By now Ruth had been waiting in Addis for a week and we did another 15 hours driving to make it to the capital. Along the way we passed by some of the most incredible scenery many of us had ever seen. It was fantastically green with stunning highlands and impressive mountains and so unlike any of the preconceptions we may have had of the blighted country. Moreover the people were incredibly friendly and the whole place was so clean and tidy and would put most of Europe to shame. We didn’t see a spot of litter the whole time we were there.

The Rift Valley

At every highland village we were greeted by hundreds of villagers wanting to shake our hands and Alberto’s camera naturally went into overdrive as Graham’s natural charm won over the hordes of school children.

Ken with his pet bee eater

We arrived into Addis Ababa in the pitch of night and settled into a friendly hotel managing to cram seven people into a single room. The next morning we finally caught up with Ruth in the plush surroundings of the Hilton hotel where we also met Pam who had been hosting our latest arrival for the past week. Also joining the team is Alice who forewent a beach holiday in Tanzania to join in the expedition. Funnily enough, Russell, who up until now had been in the lead with the ginger beard growing competition decided to shave it all off. A coincidence? Unlikely.

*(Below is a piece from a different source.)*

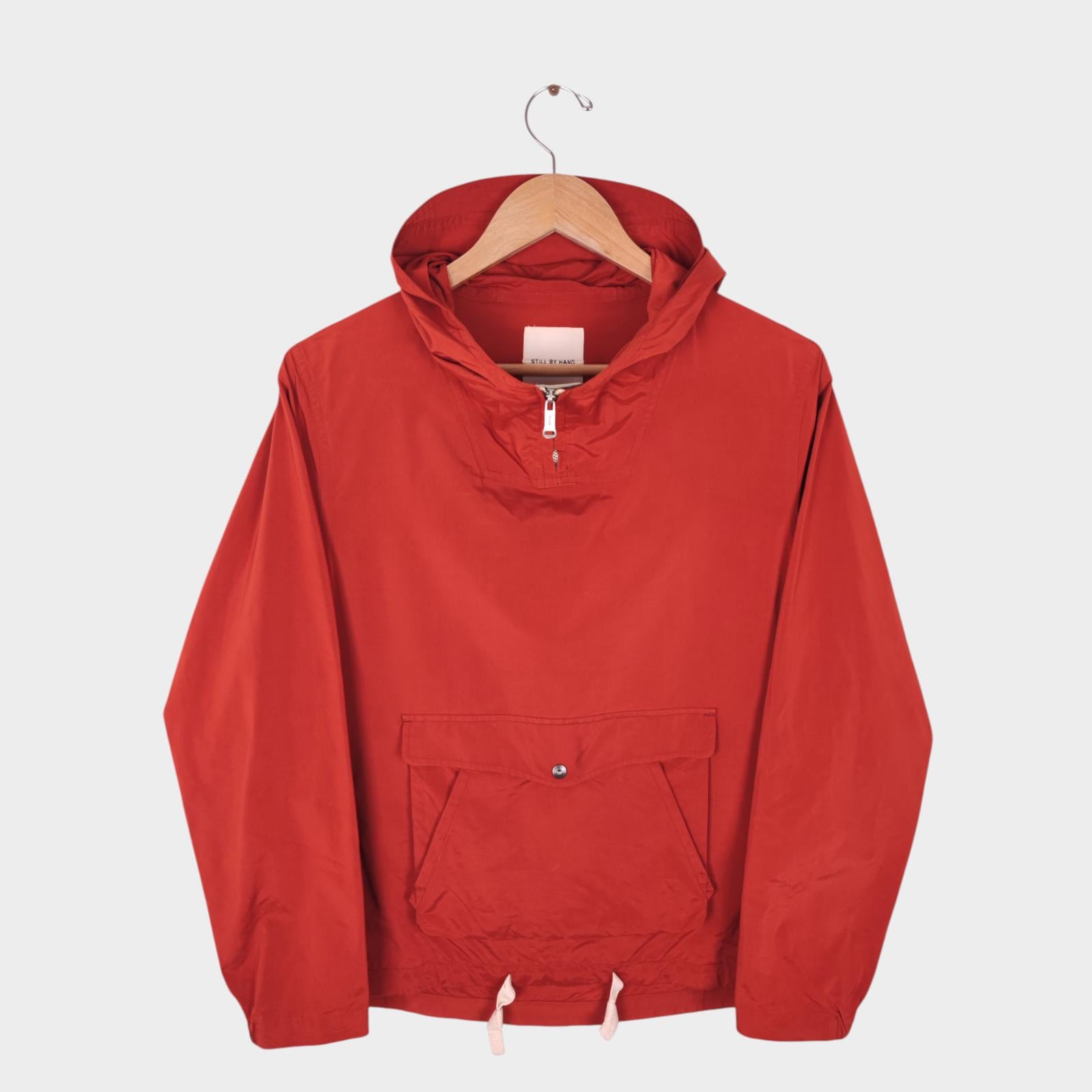 STILL BY HAND Men's Made in Japan Anorak Parka Jacket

Now up to strength in numbers we snaked ever southwards to the pretty lake of Lagado in the remote bushland of central Ethiopia where we camped in the garden of a local farmer. To his amusement we supplied 4 live chickens for dinner which Toby swiftly despatched and proceeded to spray Will with guts in the resultant bloodbath. Ruth in the meantime suprised everyone by revealing an enormous inflatable air mattress quoting the immortal lines ‘any fool can be uncomfortable’ only to be a little disappointed one day later when a huge thorn burst her bubble…

Bush camping

Suitably nourished we continued to descend into the rough scrub near to the Kenyan border where we spent another night but this time away from any villages. Under Stu’s guidance we built a fence using the local ‘bastard bush’ with its infamous needle like thorns to deter any unwanted hyenas that are known to roam in search of unwary travellers. After a disappointingly short time in this beautiful and memorable country we arrived at the frontier town of Moyale at the border with Kenya and crossed into the British commonwealth and were greeted with a familiar ‘Jambo’ by a huge Soldier in British Camouflage. From now on in we would be driving on the left hand side which will feel slightly strange! We stocked up with supplies knowing that the next few days would be some of the most challenging of the trip so far. Although the Ambulances are holding out up to now- this will be the real test of their capabilities. For the next 300 miles or so there was no road save a boulder strewn, corrugated dirt track running though a sandy desert with no access to water or food. .Moreover it is feted as the most dangerous road in East Africa- renowned for hostile tribes, roving bandits and a hideout for Somalian Pirates….next update from the equator!

3 responses

  1. ronnie and dalia

    Hi Ruth and guys.

    have been waiting for ages for this latest update and with all the hardship,i really do envy you lot. A journey of a lifetime and something that you lot will be able to carry around with you forever.

    Looking forward to the latest pics from kenya

    warm regards

    ronnie dalia dana and yoni

    September 23, 2010 at 4:39 pm

  2. Jannet

    Loved the story about Ruthie’s bubble….Hope you brought patches lol

    So glad you are making good progress. Beautiful pictures.
    Injera looks very appetising (I mean it!!!)

    All the best for the rest of your trek.
    xxxxx

    September 23, 2010 at 8:49 pm

  3. Hi guys, hope you’re making good progress now.Just be grateful you don’t have Spanish and French strikes to deal with!
    Looking forward to the next installment.
    Love from Laurel, Dan, Emma, Neil, Sue, and us of course.